### GIVEN ENTRIES:
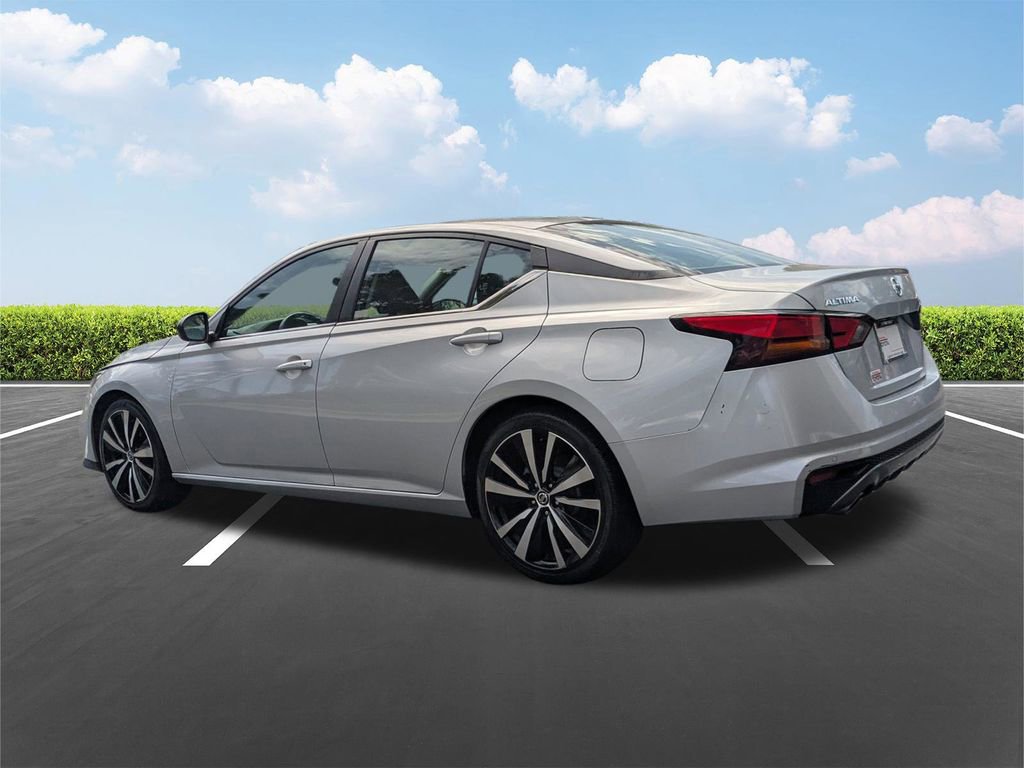 Used 2021 Nissan Altima 2.5 SR FWD image 7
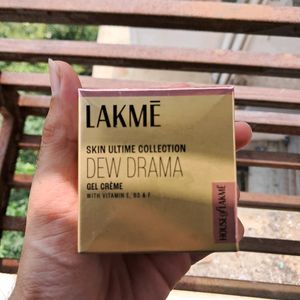 LAKME Dew Drama Gel Cream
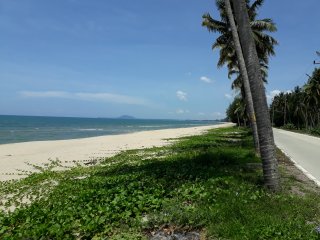 Einsamer, naturbelassener Strand bei Ban Krud, Thailand
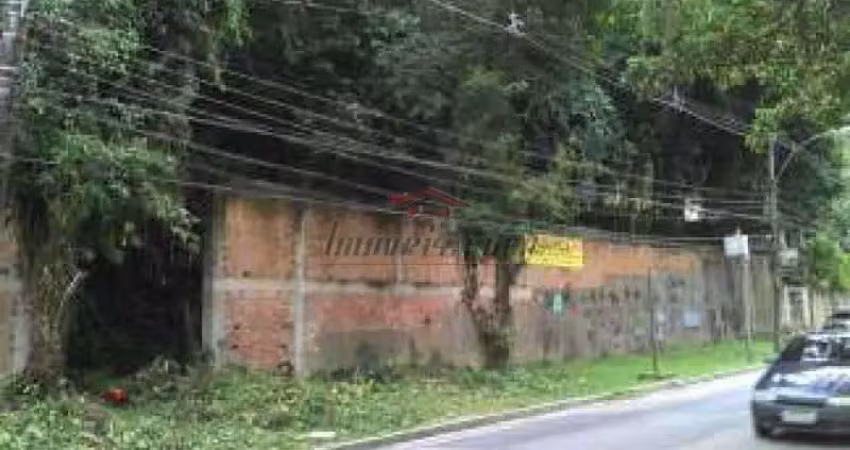 Terreno à venda na Estrada dos Três Rios, 2680, Freguesia (Jacarepaguá), Rio de Janeiro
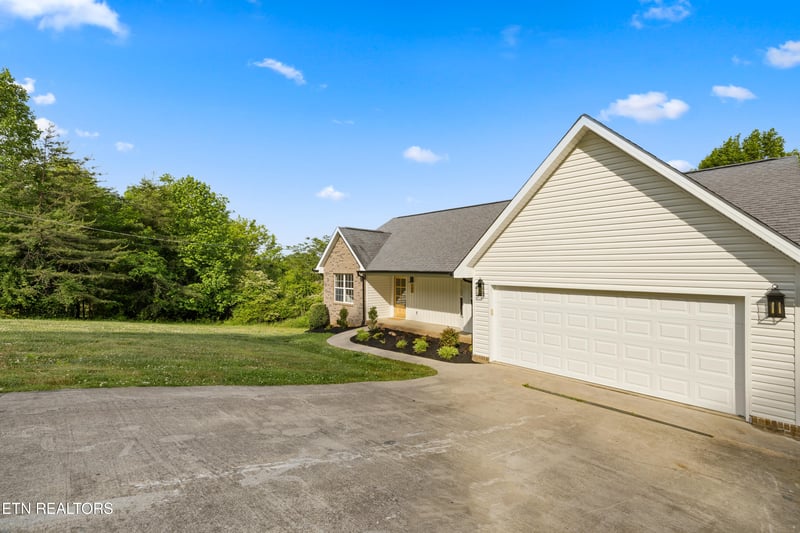 108 Breezewood Cir, Clinton, TN 37716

### INSTRUCTIONS TO FOLLOW:
What the answer must hold is the exact text of every line from the one containing "Terreno à venda" through the end of the data, minus any pictures.

### SOLVED EXERCISE:
 Terreno à venda na Estrada dos Três Rios, 2680, Freguesia (Jacarepaguá), Rio de Janeiro
 108 Breezewood Cir, Clinton, TN 37716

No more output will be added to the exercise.